[Information — start]

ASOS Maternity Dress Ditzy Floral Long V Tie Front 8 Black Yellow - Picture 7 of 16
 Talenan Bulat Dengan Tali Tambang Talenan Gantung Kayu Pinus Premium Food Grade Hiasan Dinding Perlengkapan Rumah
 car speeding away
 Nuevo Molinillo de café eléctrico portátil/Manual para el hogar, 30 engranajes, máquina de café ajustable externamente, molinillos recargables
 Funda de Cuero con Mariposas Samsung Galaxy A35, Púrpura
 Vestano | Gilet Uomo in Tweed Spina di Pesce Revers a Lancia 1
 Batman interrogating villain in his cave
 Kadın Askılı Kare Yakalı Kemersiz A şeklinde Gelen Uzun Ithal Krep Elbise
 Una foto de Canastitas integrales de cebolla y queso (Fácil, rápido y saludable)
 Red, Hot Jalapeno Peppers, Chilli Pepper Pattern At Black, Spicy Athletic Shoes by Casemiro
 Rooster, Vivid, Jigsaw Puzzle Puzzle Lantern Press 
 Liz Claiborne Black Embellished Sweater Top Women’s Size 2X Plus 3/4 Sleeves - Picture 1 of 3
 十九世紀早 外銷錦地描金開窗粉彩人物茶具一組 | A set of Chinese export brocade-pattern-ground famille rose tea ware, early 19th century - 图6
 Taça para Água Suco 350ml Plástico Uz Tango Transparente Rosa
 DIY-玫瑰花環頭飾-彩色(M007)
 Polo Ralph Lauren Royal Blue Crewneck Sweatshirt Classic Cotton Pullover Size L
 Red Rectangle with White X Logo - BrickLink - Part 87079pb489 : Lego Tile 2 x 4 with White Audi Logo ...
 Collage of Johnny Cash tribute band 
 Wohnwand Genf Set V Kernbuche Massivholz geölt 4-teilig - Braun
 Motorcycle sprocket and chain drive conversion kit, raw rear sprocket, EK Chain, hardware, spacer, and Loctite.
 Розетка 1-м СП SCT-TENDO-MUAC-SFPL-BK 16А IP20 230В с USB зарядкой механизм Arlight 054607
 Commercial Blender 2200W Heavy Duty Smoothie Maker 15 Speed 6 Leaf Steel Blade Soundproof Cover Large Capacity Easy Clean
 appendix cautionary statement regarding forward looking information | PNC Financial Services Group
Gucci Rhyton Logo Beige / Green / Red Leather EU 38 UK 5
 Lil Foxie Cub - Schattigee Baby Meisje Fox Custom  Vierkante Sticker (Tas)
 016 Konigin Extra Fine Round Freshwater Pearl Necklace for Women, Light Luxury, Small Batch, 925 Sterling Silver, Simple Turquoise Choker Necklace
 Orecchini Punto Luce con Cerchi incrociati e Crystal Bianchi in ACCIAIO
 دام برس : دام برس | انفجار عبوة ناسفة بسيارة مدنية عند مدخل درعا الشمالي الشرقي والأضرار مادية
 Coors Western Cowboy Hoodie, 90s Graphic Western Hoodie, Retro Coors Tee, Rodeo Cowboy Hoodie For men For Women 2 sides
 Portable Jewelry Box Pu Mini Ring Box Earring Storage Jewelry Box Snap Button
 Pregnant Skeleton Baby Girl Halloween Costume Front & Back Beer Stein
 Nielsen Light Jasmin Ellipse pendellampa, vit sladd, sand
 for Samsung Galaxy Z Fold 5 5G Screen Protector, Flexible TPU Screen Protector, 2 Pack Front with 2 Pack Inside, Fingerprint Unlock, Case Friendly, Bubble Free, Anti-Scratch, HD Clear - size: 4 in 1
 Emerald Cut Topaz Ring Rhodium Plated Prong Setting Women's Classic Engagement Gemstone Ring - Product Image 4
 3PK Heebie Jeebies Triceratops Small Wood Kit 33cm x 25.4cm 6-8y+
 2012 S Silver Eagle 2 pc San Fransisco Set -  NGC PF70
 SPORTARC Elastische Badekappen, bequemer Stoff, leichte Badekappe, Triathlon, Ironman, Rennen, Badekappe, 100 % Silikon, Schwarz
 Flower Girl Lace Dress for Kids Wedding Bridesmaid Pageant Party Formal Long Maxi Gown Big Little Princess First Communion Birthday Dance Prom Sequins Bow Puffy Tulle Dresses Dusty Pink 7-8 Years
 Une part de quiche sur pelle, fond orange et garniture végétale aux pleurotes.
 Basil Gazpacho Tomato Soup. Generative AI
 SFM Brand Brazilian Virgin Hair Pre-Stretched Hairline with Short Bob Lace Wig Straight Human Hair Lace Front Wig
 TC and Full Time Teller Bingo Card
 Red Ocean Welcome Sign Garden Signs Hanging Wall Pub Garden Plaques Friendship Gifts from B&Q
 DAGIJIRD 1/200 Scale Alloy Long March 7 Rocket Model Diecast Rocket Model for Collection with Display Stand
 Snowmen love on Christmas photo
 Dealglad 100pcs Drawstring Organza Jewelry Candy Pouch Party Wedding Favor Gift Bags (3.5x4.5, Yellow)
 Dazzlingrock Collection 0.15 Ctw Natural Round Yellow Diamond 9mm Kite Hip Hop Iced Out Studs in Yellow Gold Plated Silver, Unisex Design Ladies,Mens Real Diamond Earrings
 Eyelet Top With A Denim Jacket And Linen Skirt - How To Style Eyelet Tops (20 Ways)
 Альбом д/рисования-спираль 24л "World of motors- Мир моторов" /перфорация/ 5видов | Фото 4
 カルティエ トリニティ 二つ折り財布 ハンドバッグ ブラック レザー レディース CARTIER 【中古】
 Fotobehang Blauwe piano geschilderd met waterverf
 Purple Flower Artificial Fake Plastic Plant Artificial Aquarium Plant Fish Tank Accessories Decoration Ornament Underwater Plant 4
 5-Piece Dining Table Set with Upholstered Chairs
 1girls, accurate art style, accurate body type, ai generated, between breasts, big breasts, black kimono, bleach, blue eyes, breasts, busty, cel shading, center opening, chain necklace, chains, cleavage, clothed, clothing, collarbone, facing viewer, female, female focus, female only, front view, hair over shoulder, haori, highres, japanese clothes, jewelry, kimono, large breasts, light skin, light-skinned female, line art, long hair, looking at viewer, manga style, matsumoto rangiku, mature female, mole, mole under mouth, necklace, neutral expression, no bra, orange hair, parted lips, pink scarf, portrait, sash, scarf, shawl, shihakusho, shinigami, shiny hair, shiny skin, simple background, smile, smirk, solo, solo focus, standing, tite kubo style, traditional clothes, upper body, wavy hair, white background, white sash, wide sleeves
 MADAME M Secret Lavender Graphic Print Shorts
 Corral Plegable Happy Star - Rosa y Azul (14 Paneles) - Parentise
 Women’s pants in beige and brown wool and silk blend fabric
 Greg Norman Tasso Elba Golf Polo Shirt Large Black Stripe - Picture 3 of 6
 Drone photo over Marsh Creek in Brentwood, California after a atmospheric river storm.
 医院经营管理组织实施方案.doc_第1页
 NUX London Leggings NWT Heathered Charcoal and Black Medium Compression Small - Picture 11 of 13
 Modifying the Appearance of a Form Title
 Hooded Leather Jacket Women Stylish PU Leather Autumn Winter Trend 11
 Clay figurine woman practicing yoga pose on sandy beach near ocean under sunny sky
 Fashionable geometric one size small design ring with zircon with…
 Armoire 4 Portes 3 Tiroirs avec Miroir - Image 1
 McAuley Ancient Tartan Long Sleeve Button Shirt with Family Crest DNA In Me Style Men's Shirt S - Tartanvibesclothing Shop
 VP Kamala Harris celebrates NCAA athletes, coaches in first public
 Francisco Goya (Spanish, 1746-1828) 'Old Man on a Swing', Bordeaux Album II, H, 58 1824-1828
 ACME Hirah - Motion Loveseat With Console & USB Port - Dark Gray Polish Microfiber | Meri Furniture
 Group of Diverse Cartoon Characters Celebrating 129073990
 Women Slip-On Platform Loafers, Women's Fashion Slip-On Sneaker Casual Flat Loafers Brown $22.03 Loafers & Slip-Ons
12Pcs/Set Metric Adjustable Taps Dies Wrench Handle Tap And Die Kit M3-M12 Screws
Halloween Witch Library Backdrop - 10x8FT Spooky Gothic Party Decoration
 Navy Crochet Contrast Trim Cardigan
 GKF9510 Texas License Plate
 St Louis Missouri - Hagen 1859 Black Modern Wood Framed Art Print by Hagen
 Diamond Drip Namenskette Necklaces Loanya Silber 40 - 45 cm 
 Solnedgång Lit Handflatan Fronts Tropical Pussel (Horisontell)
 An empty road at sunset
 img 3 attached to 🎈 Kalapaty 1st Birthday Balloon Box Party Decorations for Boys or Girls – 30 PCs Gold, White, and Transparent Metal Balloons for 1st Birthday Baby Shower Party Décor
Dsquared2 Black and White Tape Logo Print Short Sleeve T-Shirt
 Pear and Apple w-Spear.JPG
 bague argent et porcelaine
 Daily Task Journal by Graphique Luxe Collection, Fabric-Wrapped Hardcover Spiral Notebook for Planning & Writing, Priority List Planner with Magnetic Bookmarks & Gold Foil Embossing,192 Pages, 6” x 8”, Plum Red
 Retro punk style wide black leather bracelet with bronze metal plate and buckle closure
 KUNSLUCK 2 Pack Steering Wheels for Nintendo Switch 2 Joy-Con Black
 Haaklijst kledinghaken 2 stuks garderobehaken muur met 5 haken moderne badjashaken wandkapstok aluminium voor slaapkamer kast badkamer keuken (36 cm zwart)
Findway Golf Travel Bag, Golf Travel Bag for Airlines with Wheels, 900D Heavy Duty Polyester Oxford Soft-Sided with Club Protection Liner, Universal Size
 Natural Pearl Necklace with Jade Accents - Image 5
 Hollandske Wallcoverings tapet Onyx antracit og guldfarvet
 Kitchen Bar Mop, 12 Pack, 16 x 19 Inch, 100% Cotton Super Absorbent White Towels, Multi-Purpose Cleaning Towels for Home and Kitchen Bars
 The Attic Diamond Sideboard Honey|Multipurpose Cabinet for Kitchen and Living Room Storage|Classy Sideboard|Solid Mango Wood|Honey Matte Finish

[Information — finish]

== Exercise details ==
Each line above from the one with "Una foto de" up to and including the one with "Nielsen Light Jasmin" must be set down exactly, and no line outside that span may appear.

== Completed task ==
 Una foto de Canastitas integrales de cebolla y queso (Fácil, rápido y saludable)
 Red, Hot Jalapeno Peppers, Chilli Pepper Pattern At Black, Spicy Athletic Shoes by Casemiro
 Rooster, Vivid, Jigsaw Puzzle Puzzle Lantern Press 
 Liz Claiborne Black Embellished Sweater Top Women’s Size 2X Plus 3/4 Sleeves - Picture 1 of 3
 十九世紀早 外銷錦地描金開窗粉彩人物茶具一組 | A set of Chinese export brocade-pattern-ground famille rose tea ware, early 19th century - 图6
 Taça para Água Suco 350ml Plástico Uz Tango Transparente Rosa
 DIY-玫瑰花環頭飾-彩色(M007)
 Polo Ralph Lauren Royal Blue Crewneck Sweatshirt Classic Cotton Pullover Size L
 Red Rectangle with White X Logo - BrickLink - Part 87079pb489 : Lego Tile 2 x 4 with White Audi Logo ...
 Collage of Johnny Cash tribute band 
 Wohnwand Genf Set V Kernbuche Massivholz geölt 4-teilig - Braun
 Motorcycle sprocket and chain drive conversion kit, raw rear sprocket, EK Chain, hardware, spacer, and Loctite.
 Розетка 1-м СП SCT-TENDO-MUAC-SFPL-BK 16А IP20 230В с USB зарядкой механизм Arlight 054607
 Commercial Blender 2200W Heavy Duty Smoothie Maker 15 Speed 6 Leaf Steel Blade Soundproof Cover Large Capacity Easy Clean
 appendix cautionary statement regarding forward looking information | PNC Financial Services Group
Gucci Rhyton Logo Beige / Green / Red Leather EU 38 UK 5
 Lil Foxie Cub - Schattigee Baby Meisje Fox Custom  Vierkante Sticker (Tas)
 016 Konigin Extra Fine Round Freshwater Pearl Necklace for Women, Light Luxury, Small Batch, 925 Sterling Silver, Simple Turquoise Choker Necklace
 Orecchini Punto Luce con Cerchi incrociati e Crystal Bianchi in ACCIAIO
 دام برس : دام برس | انفجار عبوة ناسفة بسيارة مدنية عند مدخل درعا الشمالي الشرقي والأضرار مادية
 Coors Western Cowboy Hoodie, 90s Graphic Western Hoodie, Retro Coors Tee, Rodeo Cowboy Hoodie For men For Women 2 sides
 Portable Jewelry Box Pu Mini Ring Box Earring Storage Jewelry Box Snap Button
 Pregnant Skeleton Baby Girl Halloween Costume Front & Back Beer Stein
 Nielsen Light Jasmin Ellipse pendellampa, vit sladd, sand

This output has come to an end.